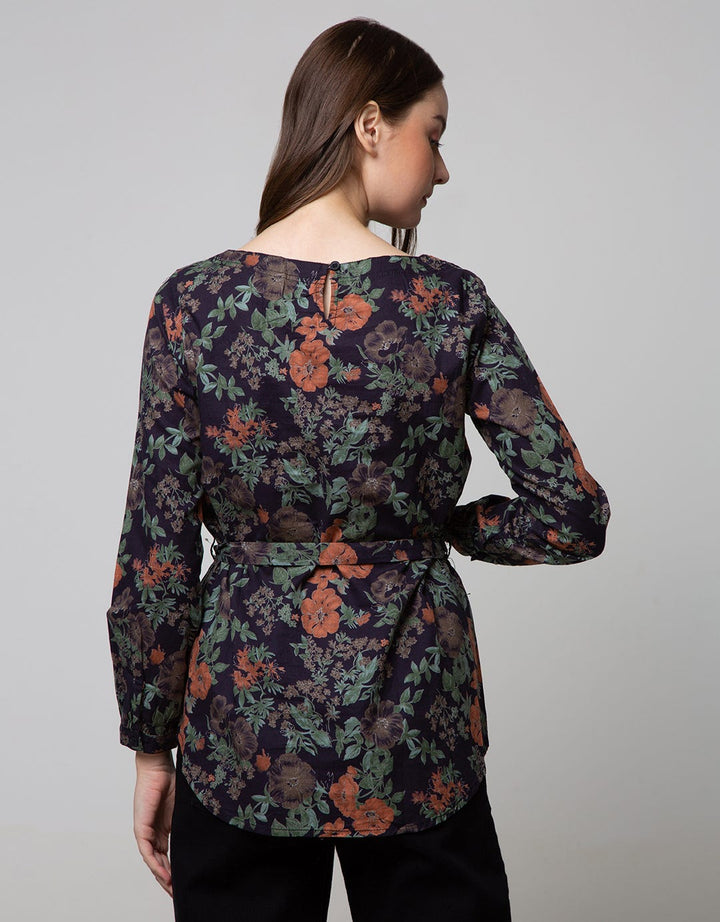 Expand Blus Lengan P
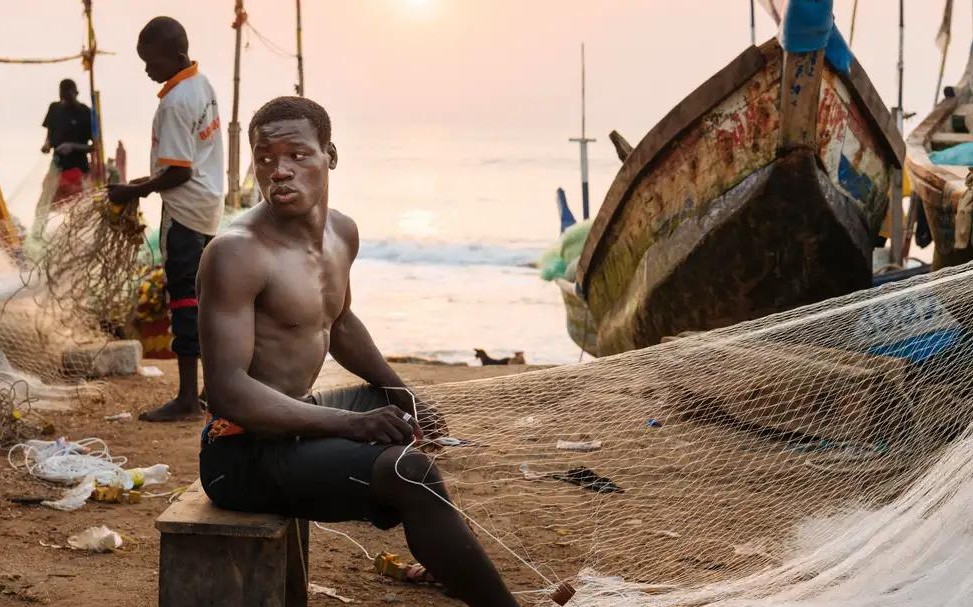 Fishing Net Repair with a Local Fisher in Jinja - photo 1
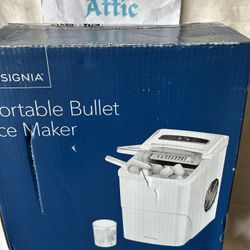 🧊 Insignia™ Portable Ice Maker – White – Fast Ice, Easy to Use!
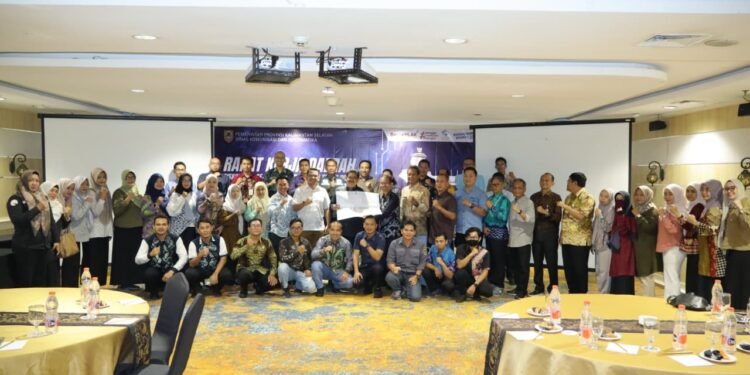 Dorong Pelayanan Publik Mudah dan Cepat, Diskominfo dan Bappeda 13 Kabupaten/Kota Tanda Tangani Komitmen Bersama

EXERCISE DETAILS:
The answer is to be the lines from the line that contains "Easy to Use!" through the last line of the material, retyped exactly, both included, with pictures left out, please.

SOLUTION TO THE EXERCISE:
 🧊 Insignia™ Portable Ice Maker – White – Fast Ice, Easy to Use!
 Dorong Pelayanan Publik Mudah dan Cepat, Diskominfo dan Bappeda 13 Kabupaten/Kota Tanda Tangani Komitmen Bersama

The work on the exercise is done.